Even after her marriage, a part of her had hoped that her brother would rescue her once he learned of Pandu’s condition. On Salya’s visit to Hastinapura, she had plucked up the courage to confide in him. And in return, she had got a lecture on the duties and responsibilities of a good wife. But Madri knew the truth. The riches Bheeshma gave meant more to her brother than her. Besides, her return would occasion a scandal, and Bheeshma would make sure that the scandal would reflect more on her than on Pandu.
Madri rocked the baby in her arms gently. Bheema was almost asleep. She looked at the hut where Kunti was sequestered with Pandu and Vidura. Try as she might, Madri could not bring herself to like Vidura. She had noticed the way he looked at Kunti from the beginning and had been shocked by it. But Pandu seemed to pay no attention to it. No one did. She knew that Kunti hated him, and yet she had agreed to lay with him for the sake of having a child. Madri glanced at the babe in her arms. Was it really worth sleeping with a man she loathed? Kunti certainly seemed to think so. And though Madri could tell that Kunti still hated Vidura, she was being civil to him these days.
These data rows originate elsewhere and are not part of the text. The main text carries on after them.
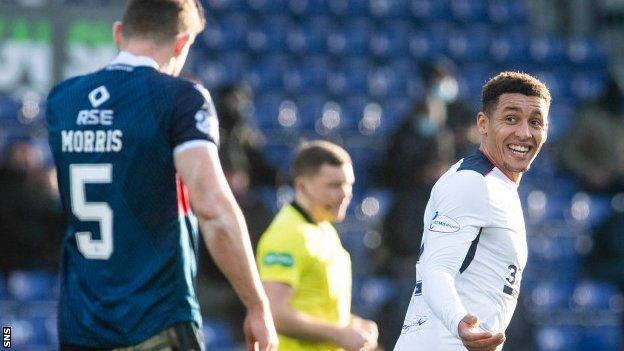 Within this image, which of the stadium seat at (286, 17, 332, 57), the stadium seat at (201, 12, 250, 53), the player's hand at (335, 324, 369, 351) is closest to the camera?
Result: the player's hand at (335, 324, 369, 351)

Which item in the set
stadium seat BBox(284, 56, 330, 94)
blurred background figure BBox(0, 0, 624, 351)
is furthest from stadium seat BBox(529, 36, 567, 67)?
stadium seat BBox(284, 56, 330, 94)

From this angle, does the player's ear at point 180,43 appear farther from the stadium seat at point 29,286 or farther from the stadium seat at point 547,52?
the stadium seat at point 547,52

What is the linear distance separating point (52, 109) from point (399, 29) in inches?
450

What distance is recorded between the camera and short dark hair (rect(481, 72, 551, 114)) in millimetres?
5242

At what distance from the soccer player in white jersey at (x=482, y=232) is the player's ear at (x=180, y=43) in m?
1.07

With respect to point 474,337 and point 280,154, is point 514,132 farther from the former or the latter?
point 280,154

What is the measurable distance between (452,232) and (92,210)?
1290 mm

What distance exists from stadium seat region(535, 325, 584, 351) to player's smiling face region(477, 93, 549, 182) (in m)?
7.36

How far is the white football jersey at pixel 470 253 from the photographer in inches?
195

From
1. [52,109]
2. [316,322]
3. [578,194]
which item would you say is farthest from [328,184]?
[578,194]

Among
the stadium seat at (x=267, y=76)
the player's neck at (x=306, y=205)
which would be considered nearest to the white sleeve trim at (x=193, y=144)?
the player's neck at (x=306, y=205)

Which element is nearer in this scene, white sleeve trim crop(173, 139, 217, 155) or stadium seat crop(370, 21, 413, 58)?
white sleeve trim crop(173, 139, 217, 155)

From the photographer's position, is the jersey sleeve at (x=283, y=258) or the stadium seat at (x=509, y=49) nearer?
the jersey sleeve at (x=283, y=258)

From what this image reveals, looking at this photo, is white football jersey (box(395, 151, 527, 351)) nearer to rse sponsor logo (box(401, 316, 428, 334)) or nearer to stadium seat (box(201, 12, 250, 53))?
rse sponsor logo (box(401, 316, 428, 334)) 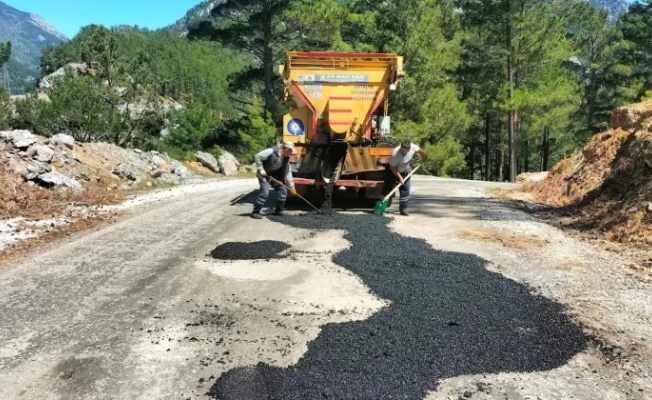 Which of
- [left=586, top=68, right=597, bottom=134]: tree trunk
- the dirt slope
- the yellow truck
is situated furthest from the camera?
[left=586, top=68, right=597, bottom=134]: tree trunk

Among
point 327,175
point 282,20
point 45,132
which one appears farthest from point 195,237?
point 282,20

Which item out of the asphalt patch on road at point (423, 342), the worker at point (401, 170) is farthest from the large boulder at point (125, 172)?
the asphalt patch on road at point (423, 342)

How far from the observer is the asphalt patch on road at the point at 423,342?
333cm

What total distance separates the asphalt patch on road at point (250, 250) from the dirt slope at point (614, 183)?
4.39 meters

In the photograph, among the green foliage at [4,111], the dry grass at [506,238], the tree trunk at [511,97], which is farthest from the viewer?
the tree trunk at [511,97]

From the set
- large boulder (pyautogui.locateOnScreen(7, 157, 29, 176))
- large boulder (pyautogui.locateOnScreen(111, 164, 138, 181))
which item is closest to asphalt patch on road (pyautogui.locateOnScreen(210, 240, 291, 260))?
large boulder (pyautogui.locateOnScreen(7, 157, 29, 176))

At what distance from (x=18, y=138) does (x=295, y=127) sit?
6.03 meters

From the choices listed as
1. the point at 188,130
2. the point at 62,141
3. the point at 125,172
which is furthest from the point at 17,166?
the point at 188,130

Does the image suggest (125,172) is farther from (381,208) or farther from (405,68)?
(405,68)

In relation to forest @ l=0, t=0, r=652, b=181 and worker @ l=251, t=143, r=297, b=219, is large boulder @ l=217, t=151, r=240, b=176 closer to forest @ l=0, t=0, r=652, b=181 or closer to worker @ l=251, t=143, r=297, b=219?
forest @ l=0, t=0, r=652, b=181

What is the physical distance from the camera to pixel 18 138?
1147cm

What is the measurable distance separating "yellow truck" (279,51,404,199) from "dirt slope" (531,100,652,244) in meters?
3.70

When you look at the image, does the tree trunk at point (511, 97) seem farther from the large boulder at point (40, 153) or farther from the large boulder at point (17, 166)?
the large boulder at point (17, 166)

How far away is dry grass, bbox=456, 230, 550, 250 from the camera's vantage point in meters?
7.01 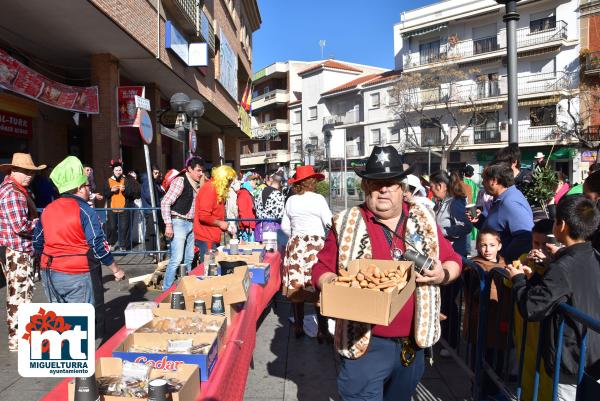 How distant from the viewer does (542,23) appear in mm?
34938

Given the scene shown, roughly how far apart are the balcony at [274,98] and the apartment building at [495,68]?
1893 centimetres

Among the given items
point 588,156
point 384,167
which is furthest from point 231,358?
point 588,156

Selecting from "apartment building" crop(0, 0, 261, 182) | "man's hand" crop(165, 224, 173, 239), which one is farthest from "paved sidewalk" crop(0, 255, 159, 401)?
"apartment building" crop(0, 0, 261, 182)

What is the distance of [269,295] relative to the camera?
5453mm

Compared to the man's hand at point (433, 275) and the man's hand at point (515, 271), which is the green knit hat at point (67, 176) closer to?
the man's hand at point (433, 275)

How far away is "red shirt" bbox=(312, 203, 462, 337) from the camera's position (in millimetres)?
2473

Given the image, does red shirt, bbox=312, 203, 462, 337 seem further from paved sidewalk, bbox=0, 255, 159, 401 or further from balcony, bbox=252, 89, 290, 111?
balcony, bbox=252, 89, 290, 111

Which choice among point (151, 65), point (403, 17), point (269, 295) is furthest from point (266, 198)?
point (403, 17)

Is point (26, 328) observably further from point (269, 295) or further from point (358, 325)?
point (269, 295)

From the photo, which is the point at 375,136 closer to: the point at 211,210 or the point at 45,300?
the point at 211,210

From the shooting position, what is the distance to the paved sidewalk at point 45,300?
386 centimetres

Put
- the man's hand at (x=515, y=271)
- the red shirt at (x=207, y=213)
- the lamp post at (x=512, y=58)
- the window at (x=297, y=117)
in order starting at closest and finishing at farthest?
the man's hand at (x=515, y=271), the lamp post at (x=512, y=58), the red shirt at (x=207, y=213), the window at (x=297, y=117)

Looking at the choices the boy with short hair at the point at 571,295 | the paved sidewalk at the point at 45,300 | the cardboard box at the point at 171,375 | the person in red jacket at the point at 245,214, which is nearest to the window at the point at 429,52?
the person in red jacket at the point at 245,214

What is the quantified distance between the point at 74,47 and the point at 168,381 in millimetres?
12243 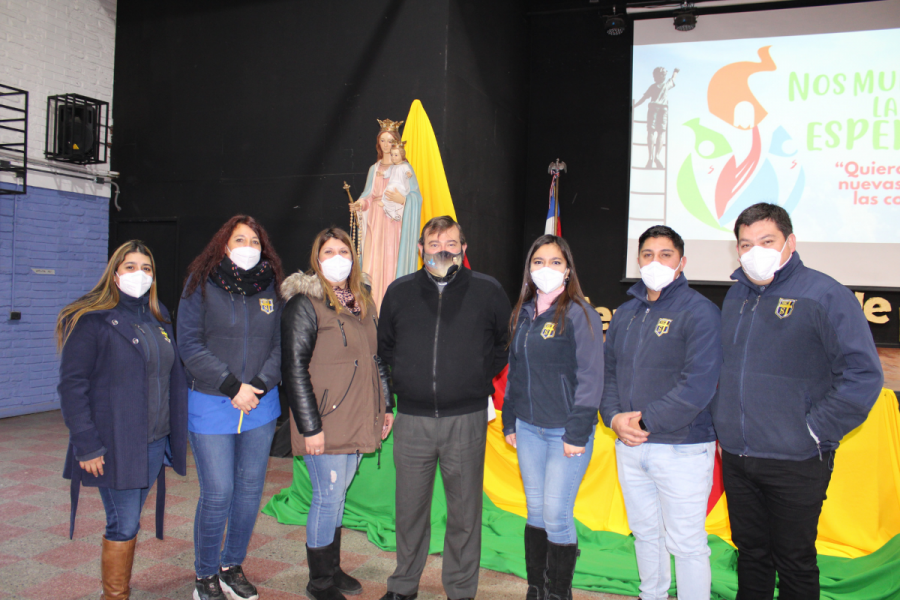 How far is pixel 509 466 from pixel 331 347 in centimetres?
148

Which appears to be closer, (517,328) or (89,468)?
(89,468)

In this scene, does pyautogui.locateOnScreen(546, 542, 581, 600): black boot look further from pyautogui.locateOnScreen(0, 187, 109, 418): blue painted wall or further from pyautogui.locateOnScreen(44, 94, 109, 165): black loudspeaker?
pyautogui.locateOnScreen(44, 94, 109, 165): black loudspeaker

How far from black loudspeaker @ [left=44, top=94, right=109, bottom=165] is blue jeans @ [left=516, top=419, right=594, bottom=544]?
619cm

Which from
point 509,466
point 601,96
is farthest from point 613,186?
point 509,466

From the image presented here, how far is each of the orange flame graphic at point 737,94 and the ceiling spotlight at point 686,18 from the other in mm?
530

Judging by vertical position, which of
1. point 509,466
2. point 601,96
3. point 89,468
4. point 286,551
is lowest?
point 286,551

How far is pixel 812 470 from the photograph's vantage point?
190 cm

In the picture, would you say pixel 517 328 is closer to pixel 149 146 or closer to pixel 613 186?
pixel 613 186

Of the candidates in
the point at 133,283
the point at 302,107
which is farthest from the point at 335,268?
the point at 302,107

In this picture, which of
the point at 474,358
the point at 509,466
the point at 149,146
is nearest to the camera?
the point at 474,358

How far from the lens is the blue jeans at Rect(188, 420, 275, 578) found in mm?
2305

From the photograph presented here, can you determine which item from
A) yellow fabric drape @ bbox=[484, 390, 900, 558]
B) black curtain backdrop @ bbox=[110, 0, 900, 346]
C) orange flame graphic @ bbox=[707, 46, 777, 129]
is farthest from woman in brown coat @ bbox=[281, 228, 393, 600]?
orange flame graphic @ bbox=[707, 46, 777, 129]

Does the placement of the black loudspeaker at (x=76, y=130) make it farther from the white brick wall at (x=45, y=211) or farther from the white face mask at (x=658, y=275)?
the white face mask at (x=658, y=275)

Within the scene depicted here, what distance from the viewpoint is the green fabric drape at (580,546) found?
8.19ft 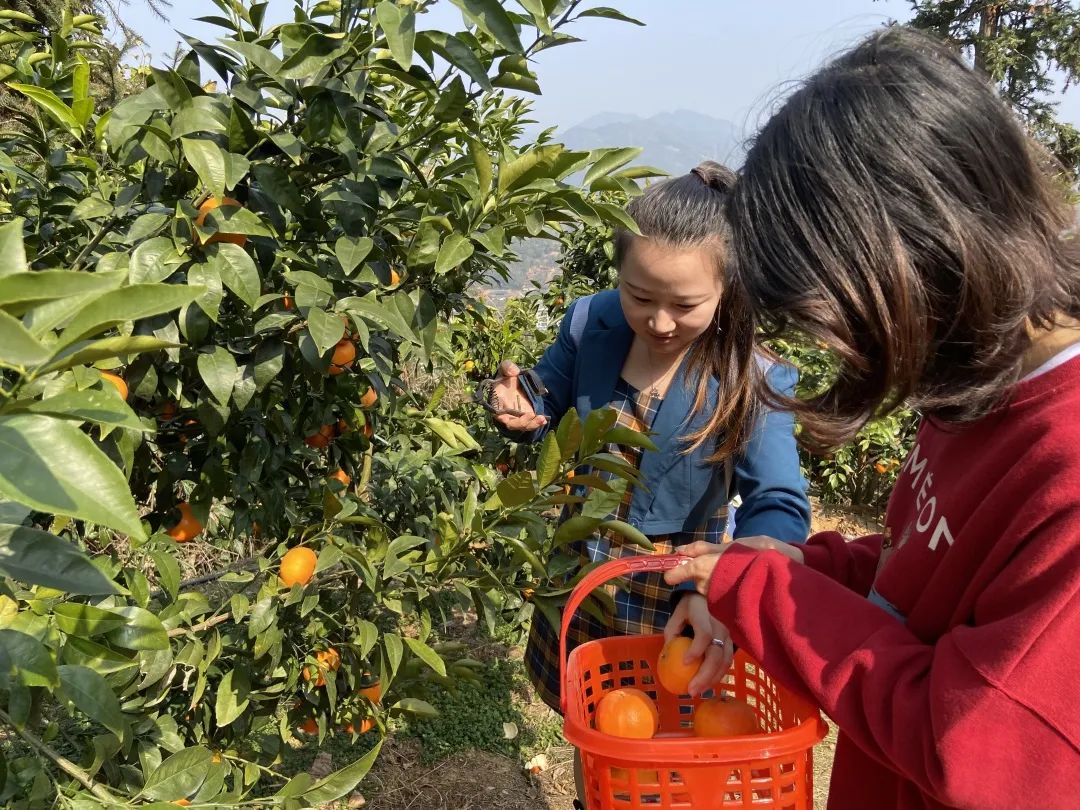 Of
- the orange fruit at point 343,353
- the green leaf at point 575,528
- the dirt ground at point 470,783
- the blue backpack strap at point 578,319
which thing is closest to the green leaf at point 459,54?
the orange fruit at point 343,353

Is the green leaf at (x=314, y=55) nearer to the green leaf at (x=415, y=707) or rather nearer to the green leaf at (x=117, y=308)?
the green leaf at (x=117, y=308)

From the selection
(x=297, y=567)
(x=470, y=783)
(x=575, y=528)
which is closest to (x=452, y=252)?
(x=575, y=528)

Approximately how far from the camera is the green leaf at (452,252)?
926 millimetres

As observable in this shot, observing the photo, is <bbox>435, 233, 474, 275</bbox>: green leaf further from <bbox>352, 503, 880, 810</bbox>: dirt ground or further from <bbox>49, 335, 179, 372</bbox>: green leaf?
<bbox>352, 503, 880, 810</bbox>: dirt ground

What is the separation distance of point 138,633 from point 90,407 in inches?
17.8

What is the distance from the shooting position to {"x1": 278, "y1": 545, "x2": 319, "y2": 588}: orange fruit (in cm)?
114

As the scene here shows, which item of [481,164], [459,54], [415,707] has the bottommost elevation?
[415,707]

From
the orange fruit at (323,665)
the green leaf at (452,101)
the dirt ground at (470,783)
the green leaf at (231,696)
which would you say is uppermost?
the green leaf at (452,101)

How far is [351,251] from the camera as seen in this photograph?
1008 millimetres

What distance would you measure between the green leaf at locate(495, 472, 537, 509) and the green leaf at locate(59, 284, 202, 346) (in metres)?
0.65

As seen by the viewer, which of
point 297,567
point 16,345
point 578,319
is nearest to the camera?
point 16,345

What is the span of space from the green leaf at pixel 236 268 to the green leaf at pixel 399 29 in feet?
0.98

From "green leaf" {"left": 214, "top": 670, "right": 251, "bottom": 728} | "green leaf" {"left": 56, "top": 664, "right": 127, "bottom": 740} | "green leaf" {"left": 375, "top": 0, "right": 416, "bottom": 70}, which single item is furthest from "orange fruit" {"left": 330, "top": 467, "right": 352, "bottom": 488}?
"green leaf" {"left": 375, "top": 0, "right": 416, "bottom": 70}

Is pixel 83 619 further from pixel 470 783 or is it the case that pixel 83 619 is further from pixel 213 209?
pixel 470 783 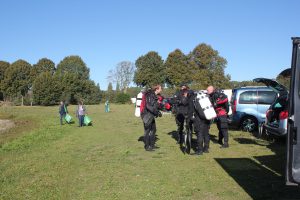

Bheema hiccuped in his sleep and Madri went towards the hut which served as the nursery. It had two cradles and pallets for the wet nurse as well as for the dasis who looked after the children during the night. Yudhistira was in his cradle, asleep. Madri lay Bheema down in his cradle, nodded at the dasi and went out again. The days were quite monotonous, and she was bored already. There was nothing to do.
She went to where Vidura’s horse was tethered. The grooms looked at her, but made no attempt to stop her as she went near the horse. Vidura had good taste in horses, at least. She stroked the glossy mane of the horse. She missed riding. She had not ridden a horse since her marriage. Apparently, such pastimes were not feminine enough for the Kurus. She looked at the hut. Vidura was not likely to come out anytime soon. And even if he did, he could wait.
“Saddle the horse,” she ordered the groom. “And help me up,”
She was not dressed for riding, but she was not going to allow that to stop her. The groom stared at her in confusion.
“Didn’t you hear what I said?” She asked imperiously. That tone had caused the domestic servants in Madra to quake, and the groom seemed to be cut from the same cloth, for he hastened to obey her.
Madri rode out of the clearing, and into the trees, up the hill next to the clearing. The wind whipped her face, and her hair came out of its knot to stream behind her. Madri laughed, and the sound startled her. How long had it been since she had laughed! It felt good to be on a horse, and suddenly she felt exultant, jubilant. She galloped up the hill and reined the horse in once on top. The clearing was invisible from here. The wind was strong, trying to knock her down, but she stayed firmly on the saddle, her knees gripping the sides of the horse, and her hands firm on the reins.